[TASK GOAL]:
Please reproduce, exactly as given, the lines running from the start of the data to the line containing "Brother TZe-211 - Standard-Klebstoff", inclusive, and omit the pictures.
• • • • • • •
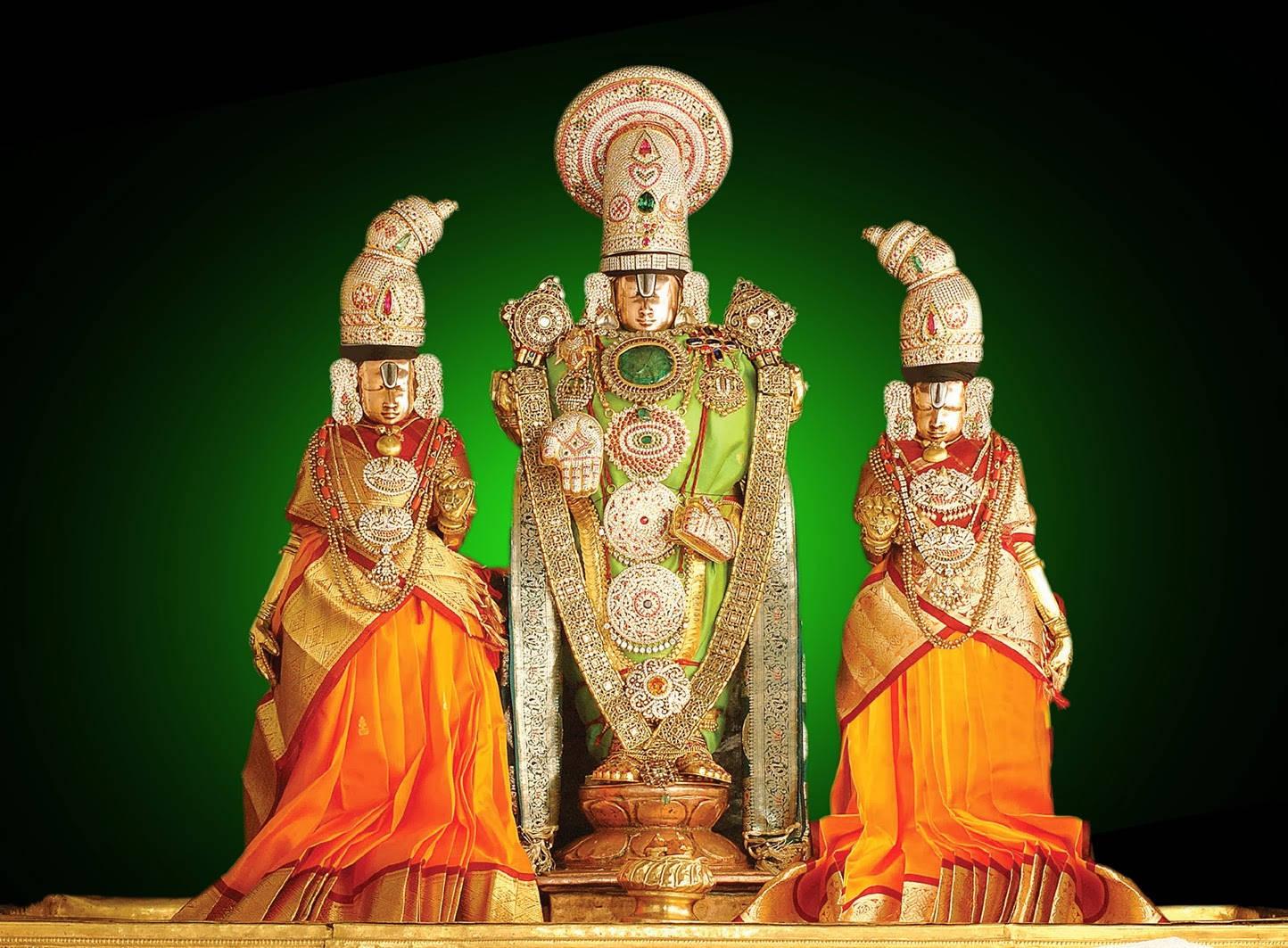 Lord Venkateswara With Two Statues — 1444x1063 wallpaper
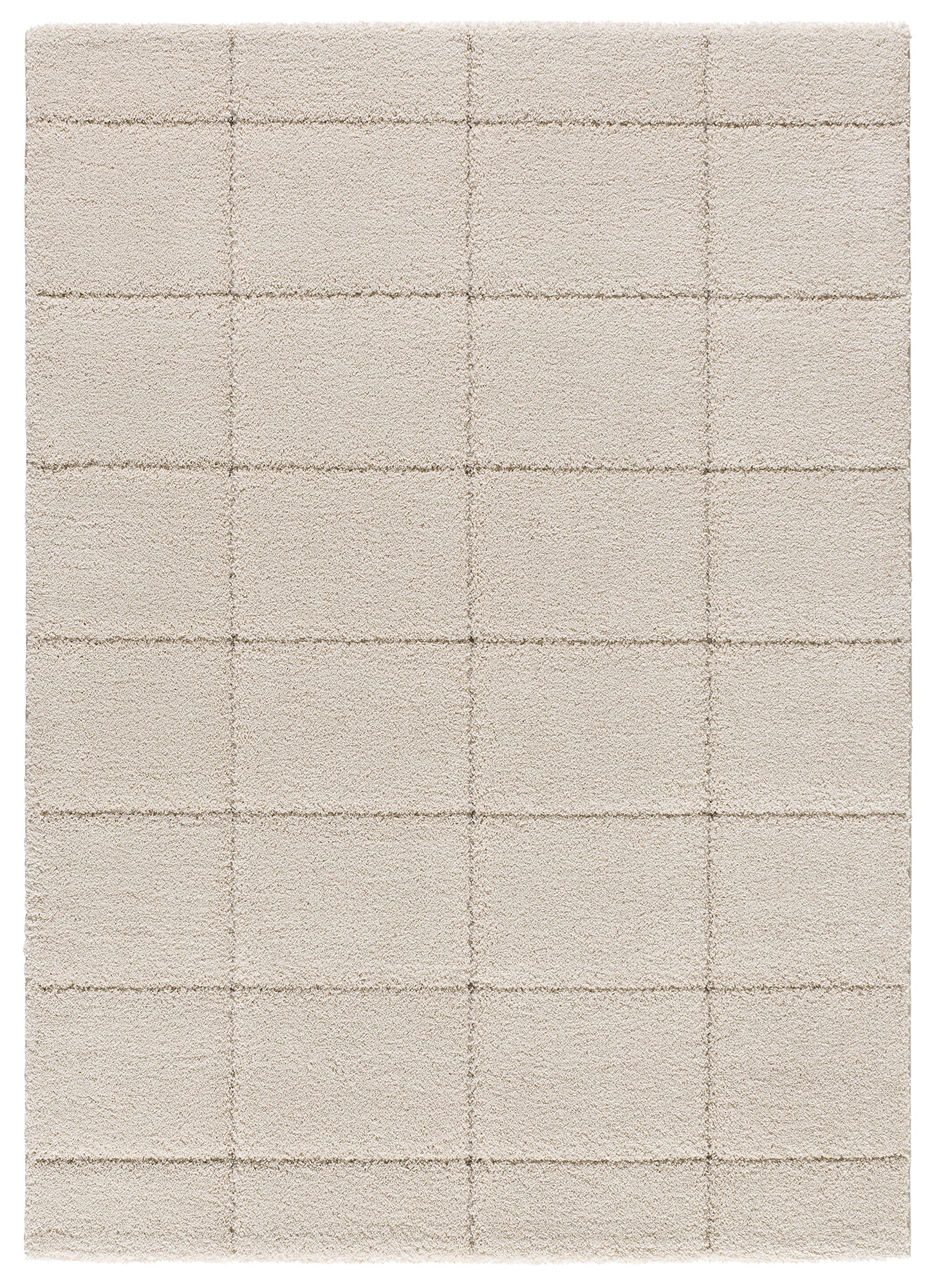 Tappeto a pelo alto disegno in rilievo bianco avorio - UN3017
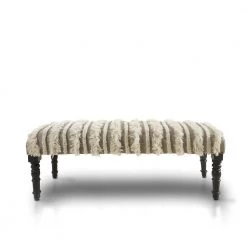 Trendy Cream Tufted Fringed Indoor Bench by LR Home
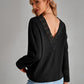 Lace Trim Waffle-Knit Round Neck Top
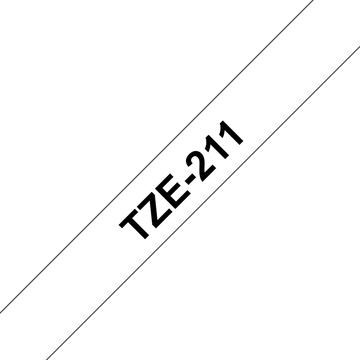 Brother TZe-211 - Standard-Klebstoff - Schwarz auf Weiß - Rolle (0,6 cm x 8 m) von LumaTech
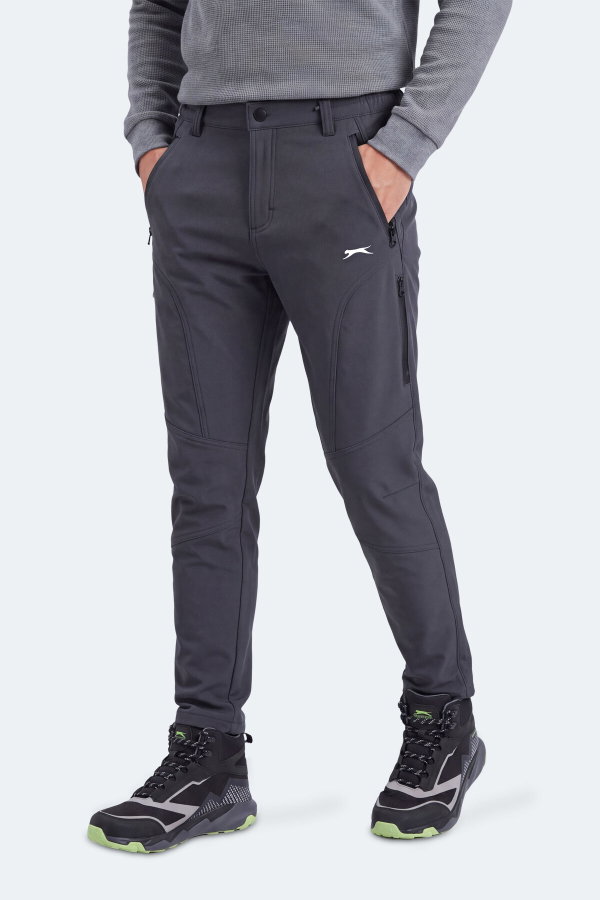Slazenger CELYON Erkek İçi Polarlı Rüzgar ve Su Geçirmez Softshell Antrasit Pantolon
• • • • • • •
[SOLUTION]:
 Lord Venkateswara With Two Statues — 1444x1063 wallpaper
 Tappeto a pelo alto disegno in rilievo bianco avorio - UN3017
 Trendy Cream Tufted Fringed Indoor Bench by LR Home
 Lace Trim Waffle-Knit Round Neck Top
 Brother TZe-211 - Standard-Klebstoff - Schwarz auf Weiß - Rolle (0,6 cm x 8 m) von LumaTech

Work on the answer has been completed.